Northern Norway and the Oslofjords
Norway’s coastal line is about 100 000 km long, providing suitable habitats for extent kelp and rockweed forests, as well as sea grass meadows. Blue forests are highly productive ecosystems, providing many ecosystem services. They create habitat for various macroalgae, invertebrates and fish species. They also function as a nutrient and food source for other ecosystems.
The blue forest area distribution has significantly declined in many regions in the past decades. Large kelp forest areas in northern Norway are lost due to sea urchin grazing. Ocean warming, ocean darkening and eutrophication has caused severe declines of kelp forests also in the southern part of Norway.
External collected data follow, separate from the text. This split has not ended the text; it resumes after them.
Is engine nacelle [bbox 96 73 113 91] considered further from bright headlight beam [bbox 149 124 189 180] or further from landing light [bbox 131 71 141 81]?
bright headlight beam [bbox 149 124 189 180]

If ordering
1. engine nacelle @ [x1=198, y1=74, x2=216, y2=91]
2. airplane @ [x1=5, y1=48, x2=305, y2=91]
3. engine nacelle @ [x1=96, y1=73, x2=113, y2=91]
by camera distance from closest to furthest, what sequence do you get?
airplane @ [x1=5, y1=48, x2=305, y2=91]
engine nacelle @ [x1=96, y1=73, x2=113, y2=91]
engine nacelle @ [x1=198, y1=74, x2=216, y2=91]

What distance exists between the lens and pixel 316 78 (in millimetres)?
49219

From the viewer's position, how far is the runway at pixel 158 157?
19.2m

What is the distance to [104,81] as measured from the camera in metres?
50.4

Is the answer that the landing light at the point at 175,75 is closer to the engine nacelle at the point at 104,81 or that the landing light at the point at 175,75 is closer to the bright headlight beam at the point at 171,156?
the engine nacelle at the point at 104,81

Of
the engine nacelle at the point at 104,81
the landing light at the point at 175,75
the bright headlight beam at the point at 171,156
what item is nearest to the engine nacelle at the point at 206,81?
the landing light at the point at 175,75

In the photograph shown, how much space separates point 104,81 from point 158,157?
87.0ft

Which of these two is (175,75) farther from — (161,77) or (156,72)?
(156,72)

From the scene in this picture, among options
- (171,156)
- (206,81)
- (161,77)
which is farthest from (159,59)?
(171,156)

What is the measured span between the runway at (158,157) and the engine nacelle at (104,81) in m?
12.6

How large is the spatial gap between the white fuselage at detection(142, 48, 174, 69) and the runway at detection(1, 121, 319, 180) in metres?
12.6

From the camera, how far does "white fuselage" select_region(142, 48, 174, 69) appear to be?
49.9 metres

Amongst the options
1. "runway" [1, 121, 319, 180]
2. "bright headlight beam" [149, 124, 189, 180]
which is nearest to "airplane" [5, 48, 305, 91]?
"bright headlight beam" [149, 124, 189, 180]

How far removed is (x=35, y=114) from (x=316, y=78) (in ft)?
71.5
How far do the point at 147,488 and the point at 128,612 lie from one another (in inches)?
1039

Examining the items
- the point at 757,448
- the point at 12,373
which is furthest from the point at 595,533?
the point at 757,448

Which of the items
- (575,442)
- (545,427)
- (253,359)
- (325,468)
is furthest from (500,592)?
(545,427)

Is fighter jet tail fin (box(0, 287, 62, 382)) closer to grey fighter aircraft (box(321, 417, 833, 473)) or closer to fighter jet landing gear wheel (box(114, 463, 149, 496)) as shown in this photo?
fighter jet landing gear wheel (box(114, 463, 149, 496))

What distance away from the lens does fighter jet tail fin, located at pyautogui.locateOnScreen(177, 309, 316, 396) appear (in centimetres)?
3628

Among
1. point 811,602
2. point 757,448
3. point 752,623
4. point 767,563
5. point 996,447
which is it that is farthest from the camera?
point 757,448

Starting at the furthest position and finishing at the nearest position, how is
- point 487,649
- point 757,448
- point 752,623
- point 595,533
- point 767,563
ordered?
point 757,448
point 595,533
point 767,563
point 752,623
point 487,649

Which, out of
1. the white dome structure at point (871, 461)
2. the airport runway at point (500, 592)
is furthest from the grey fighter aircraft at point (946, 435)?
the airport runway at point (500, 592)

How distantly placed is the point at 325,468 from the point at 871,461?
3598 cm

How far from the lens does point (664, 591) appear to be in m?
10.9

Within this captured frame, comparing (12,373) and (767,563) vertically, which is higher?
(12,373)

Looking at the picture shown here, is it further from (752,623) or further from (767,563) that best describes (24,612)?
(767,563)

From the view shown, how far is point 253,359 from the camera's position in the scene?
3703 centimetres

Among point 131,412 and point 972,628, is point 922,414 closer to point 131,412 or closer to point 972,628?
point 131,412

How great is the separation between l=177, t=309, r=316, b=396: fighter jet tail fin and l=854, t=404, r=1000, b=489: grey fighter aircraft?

Coastal development, ocean warming and eutrophication also threatens the blue forests, in particularly the seagrass meadows.
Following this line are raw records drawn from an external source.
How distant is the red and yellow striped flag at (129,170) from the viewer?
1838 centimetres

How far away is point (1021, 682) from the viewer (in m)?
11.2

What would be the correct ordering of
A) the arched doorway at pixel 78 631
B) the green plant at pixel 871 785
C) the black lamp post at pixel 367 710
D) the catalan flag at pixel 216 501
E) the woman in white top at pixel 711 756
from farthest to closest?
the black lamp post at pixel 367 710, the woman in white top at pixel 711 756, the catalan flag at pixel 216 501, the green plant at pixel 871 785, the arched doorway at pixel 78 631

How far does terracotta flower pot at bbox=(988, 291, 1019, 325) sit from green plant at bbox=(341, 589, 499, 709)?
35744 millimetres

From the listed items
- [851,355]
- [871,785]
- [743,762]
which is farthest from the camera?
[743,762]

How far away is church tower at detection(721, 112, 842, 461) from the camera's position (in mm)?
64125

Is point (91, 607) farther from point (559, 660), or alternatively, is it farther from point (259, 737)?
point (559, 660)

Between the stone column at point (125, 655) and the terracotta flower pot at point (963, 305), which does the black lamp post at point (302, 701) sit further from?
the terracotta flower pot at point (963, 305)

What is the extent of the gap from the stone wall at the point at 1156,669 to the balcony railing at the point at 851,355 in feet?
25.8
By restoring the blue forest habitats, we improve the coastal ecosystem, increase the biodiversity and fish populations, enhance recreational value and regain the blue forests role as carbon sink. Restoring blue forests mitigate climate change (through carbon storage/sequestration) and protect marine life against the negative impacts from climate change (e.g. by counteracting acidification through photosynthesis and providing shelter and shadow for high temperature sensitive species). Blue forests provide regulating services by storing carbon in the biomass and by sequestrating carbon in the sediments.
They take up nutrients, serving a bioremediation function. They also protect shorelines by dampening waves or reducing the coastal erosion by solidifying sediments along the shoreline. Blue forests also deliver provisioning services.
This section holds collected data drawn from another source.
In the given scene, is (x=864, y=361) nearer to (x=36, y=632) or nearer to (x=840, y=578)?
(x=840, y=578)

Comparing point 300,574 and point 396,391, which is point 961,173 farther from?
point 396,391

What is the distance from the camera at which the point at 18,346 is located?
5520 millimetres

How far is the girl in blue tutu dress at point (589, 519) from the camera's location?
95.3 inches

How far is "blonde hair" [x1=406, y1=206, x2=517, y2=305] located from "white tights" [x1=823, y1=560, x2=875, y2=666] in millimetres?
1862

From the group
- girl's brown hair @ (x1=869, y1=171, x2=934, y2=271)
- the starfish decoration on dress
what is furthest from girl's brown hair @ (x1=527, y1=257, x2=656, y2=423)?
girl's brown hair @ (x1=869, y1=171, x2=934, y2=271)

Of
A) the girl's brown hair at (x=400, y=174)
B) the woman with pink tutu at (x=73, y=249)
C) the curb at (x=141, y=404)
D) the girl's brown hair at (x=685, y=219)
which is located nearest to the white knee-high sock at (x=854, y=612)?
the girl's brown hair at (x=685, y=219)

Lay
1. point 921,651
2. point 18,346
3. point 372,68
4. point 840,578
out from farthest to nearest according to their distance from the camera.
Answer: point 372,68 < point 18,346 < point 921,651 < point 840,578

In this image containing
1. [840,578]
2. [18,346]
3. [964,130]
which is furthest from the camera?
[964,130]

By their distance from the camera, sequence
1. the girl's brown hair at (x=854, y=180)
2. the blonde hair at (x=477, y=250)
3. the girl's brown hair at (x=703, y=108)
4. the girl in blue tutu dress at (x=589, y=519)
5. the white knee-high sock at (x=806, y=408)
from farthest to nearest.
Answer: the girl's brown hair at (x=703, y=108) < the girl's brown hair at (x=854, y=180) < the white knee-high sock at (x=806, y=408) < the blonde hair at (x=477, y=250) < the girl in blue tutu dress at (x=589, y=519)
Harvesting of kelp can also benefit local communities, using the seaweed for a variety of purposes, both traditional and new. Furthermore, blue forests supplies cultural recreational services as they are of major interests for diving and kayaking activities.
As a research institute, NIVA has taken an active role in the implementation of blue forest restoration in Norway, by measures such as kelp and sea grass transplanting or sea urchin harvesting and culling. Based on our previous experience in NBS implementation in the form of blue forest ecosystem restoration, we will support the advancement of the investment case for nature-based solutions by closely collaborating with local stakeholders. We will map the potential feasible business models for future blue forest and coastal ecosystem restoration activities and their scaling up. Hands-on investment decision tool will be developed for these activities to facilitate the future investment decisions in ecosystem restoration by both public and private sectors.